Матиас слушал беспокойно, взор его то вспыхивал, то угасал, точно он вел внутренний спор сам с собою.

— Посмею ли я возразить вам, верховный лорд Арантир? Все, что вы сказали, поистине справедливо. Боюсь только, не смогу я… Не справлюсь с собой.

— Договаривай, мальчик, — я видел, что юноша высказал не все, и положил ему руку на плечо; он замер, но хотя бы не шарахнулся от меня, точно испуганный жеребенок.

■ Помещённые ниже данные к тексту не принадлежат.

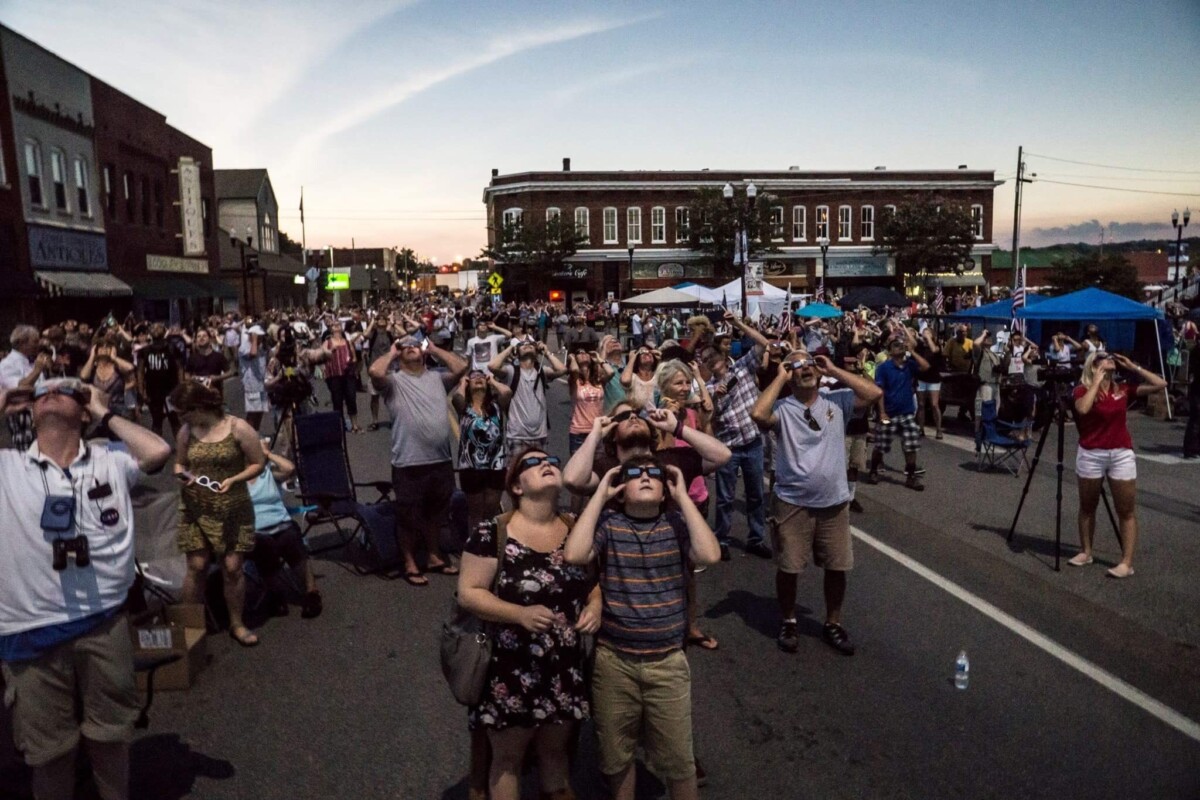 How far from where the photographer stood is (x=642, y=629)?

— Дело, может быть, в отце, владыка Арантир… Он всегда говорил мне, что тело, как и душа, священно, и живое, и мертвое, и считал, что глумиться над ним или причинять ему напрасный вред значит осквернять и его, и себя. Когда его просили о бальзамировании, что усопших перед погребением, что тех немертвых, кто еще не успел или не был способен восстановиться, он считал это едва ли не самой достойной работой и так устранял следы ранений, болезней и тления, что никто по виду не отличил бы тела после его вмешательства от истинно живых… Он говорил мне, что только почтение к телу как к священному сосуду, как к дару Асхи позволяет ему достигать совершенства в своем искусстве. И я… я согласен с ним, владыка Арантир. Для меня тело тоже священно, для меня оно почитаемый сосуд, подаренный богиней, потому я и не могу с ним вот так — кинжалы в него метать, стрелы пускать, мечом рубить… И сам не могу, и память отца предавать не хочу. Пожалуйста, сир, простите меня, но я правда не сумею.

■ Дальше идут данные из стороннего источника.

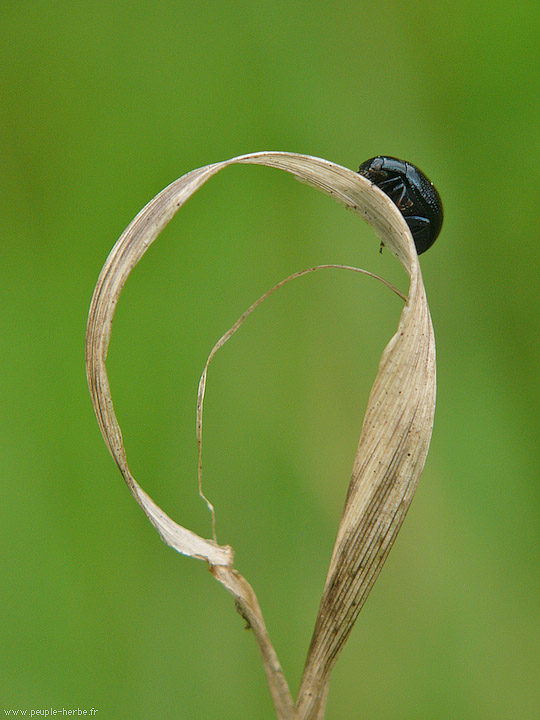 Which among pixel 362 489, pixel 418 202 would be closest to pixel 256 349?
pixel 418 202

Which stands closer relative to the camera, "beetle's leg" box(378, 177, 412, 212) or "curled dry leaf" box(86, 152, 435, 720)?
"curled dry leaf" box(86, 152, 435, 720)

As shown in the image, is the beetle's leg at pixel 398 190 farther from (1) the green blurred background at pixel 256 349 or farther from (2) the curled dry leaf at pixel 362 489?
(2) the curled dry leaf at pixel 362 489

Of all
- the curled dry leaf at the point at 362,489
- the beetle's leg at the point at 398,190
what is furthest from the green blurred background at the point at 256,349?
the curled dry leaf at the point at 362,489

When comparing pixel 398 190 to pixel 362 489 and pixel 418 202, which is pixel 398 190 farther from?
pixel 362 489

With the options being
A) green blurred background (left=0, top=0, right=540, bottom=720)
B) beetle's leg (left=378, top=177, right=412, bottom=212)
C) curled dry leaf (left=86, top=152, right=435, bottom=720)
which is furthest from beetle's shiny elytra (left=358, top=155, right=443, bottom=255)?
curled dry leaf (left=86, top=152, right=435, bottom=720)

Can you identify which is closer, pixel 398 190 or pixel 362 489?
pixel 362 489

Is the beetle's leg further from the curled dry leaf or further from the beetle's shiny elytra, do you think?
the curled dry leaf

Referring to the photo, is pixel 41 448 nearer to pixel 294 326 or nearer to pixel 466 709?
pixel 294 326

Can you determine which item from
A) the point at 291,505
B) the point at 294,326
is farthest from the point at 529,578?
the point at 294,326
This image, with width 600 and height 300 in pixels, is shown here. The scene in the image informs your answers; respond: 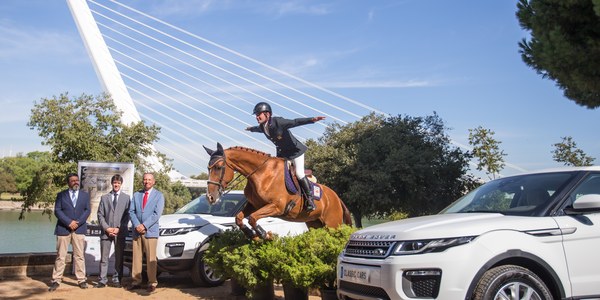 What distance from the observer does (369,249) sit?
5008mm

Я взглянул на Матиаса и поразился произошедшей в нем перемене. Он смотрел на меня в упор — почти так же, как Орнелла, когда открывалась мне, рассказывала о том, в чем в глубине души своей была убеждена, — и говорил с жаром, с обреченностью и одновременно с гордостью, и глаза его сияли. Нет, Матиас не был слабым — просто был иным, мне редко встречались такие среди нашего ордена. Я понимал, сколь трудно ему придется, и ответил ему, как думал:

— Не за что прощать тебя, сын мой, и не за что судить. Напротив, я рад: ты обрел понимание, какого иные не достигают за столетие. Справедливы слова твоего отца, да пребудет его душа с миром подле Асхи. Но скажи, юный Матиас, что произошло с ним? На войне можно было бы ожидать всего, но если в мирное время кто-то посягнул на целителя и ученого… Обещаю, я не оставлю сего, найду того, кто погубил достойного мужа, ждет виновного самая суровая кара. Знаешь ли ты, кто это был?

— Да благословит вас Асха, владыка Арантир… Боюсь только, что никто не сможет покарать убийцу отца, — болезнь сгубила его. Он ушел полгода назад. В поветрие, что принесли нам с товарами из дальних земель, он закрыл путь в несколько поместий, дабы зараза не распространялась дальше, ходил за лежащими в горячке, сам заболел и умер, не успел исцелиться — все его силы ушли на то, чтобы вылечить других…

— Так он оставался живым? — изумился я. — Но ведь принять посвящение он мог даже на смертном одре, а после того, владея такими знаниями, как ты описываешь, легко восстановить тело свое и еще много веков приносить великую пользу! Почему он отказался от выгод нежизни?

— Он… Я не знаю, как сказать, сир.

— Не бойся, продолжай. Нас никто не слышит.

— Он не хотел, владыка Арантир. «Есть те достойные, что сохраняют и в нежизни чувствительность души и способность к любви и состраданию, даже при холодном сердце выполняют исправно долг, но я, жалкий грешник, не уверен в себе. Как я смогу врачевать, если забуду о том, что такое телесные невзгоды? Как стану отпускать души грешных, если не буду сочувствовать им, вспоминая сам о своих прегрешениях и понимая, какой стыд и какую скорбь они испытывают? Сумею ли выполнять долг бальзамировщика, если не буду способен разделять печаль по усопшему, если не захочу избавить его близких от избыточного страдания и предъявить им того, кого они любили, в должном виде, в котором они знали его и хотят запомнить? Нет, Матиас, нежизнь не позволит мне этого, и я не должен ее принимать», — так он говорил. За ним отказалась и матушка, чтобы быстрее воссоединиться с ним, если будет на то воля Асхи…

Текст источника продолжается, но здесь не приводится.